実話の映画化なのだけど、このはちゃめちゃぶりには驚かされる。プロレスにすべてをかける家族のお話。よくあるスポコンものなのだけど、安心して見ていられる。こんな嘘くさいお話なのに、実話というのがいい。エンディングで紹介されるモデルとなった家族の肖像(写真で紹介されていく)が、映画の家族そっくり(まぁ、モデルとなんてるのだから、あたりまえでしょうが)で、笑える。ドキュメンタリータッチの映画ではない。絵にかいたようなお話で、主人公の女の子や、彼女の兄のお話、両親の描写も、とても嘘くさいくらいにベタなお話。だけど、それがとてもここちよい。
それはここには嘘がないからだ。たった4人でプロレス興行をして生計を立てる。プロレスいのち、って感じの両親は、そんな生活を楽しんでいる。弱小団体だけど、それなりにファンを集めている。レスリング教室に通う子供たちもいる。兄は子供たちにレスリングを教えながら、くすぶっている。今の自分にいじけている。妹はアメリカに行き、世界最大のプロレスリーグに入って、スターを目指して頑張っているのに、自分は、こんなところで何をしてるんだ、というのが彼の今の想いだ。ふたりのお話を並行して描いていく。

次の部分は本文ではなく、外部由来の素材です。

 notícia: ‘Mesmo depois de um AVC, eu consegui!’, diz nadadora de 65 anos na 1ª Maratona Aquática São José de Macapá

分かりやすいサクセスストーリーでもあるけど、イギリス北部のちいさな町を舞台にした生活の記録でもある。彼らの毎日をきちんと見せてくれるのがいい。子供たちがレスリングを通して、成長していく姿が描かれる。お話のメインとは違うのに、なぜか、彼らの描写から目が離せない。目の見えない少年がレスリングをしている、楽しそうの稽古に通う。
『ロッキー』でおなじみの感動のラスト・ファイトもちゃんとある。映画のクライマックスクライマックスである。安心してみればいい。ちゃんと感動できる。でも、彼女の戦いをTVで見守る家族たちの姿がもっと感動的だ。要するにこれはそういう映画なのだということ。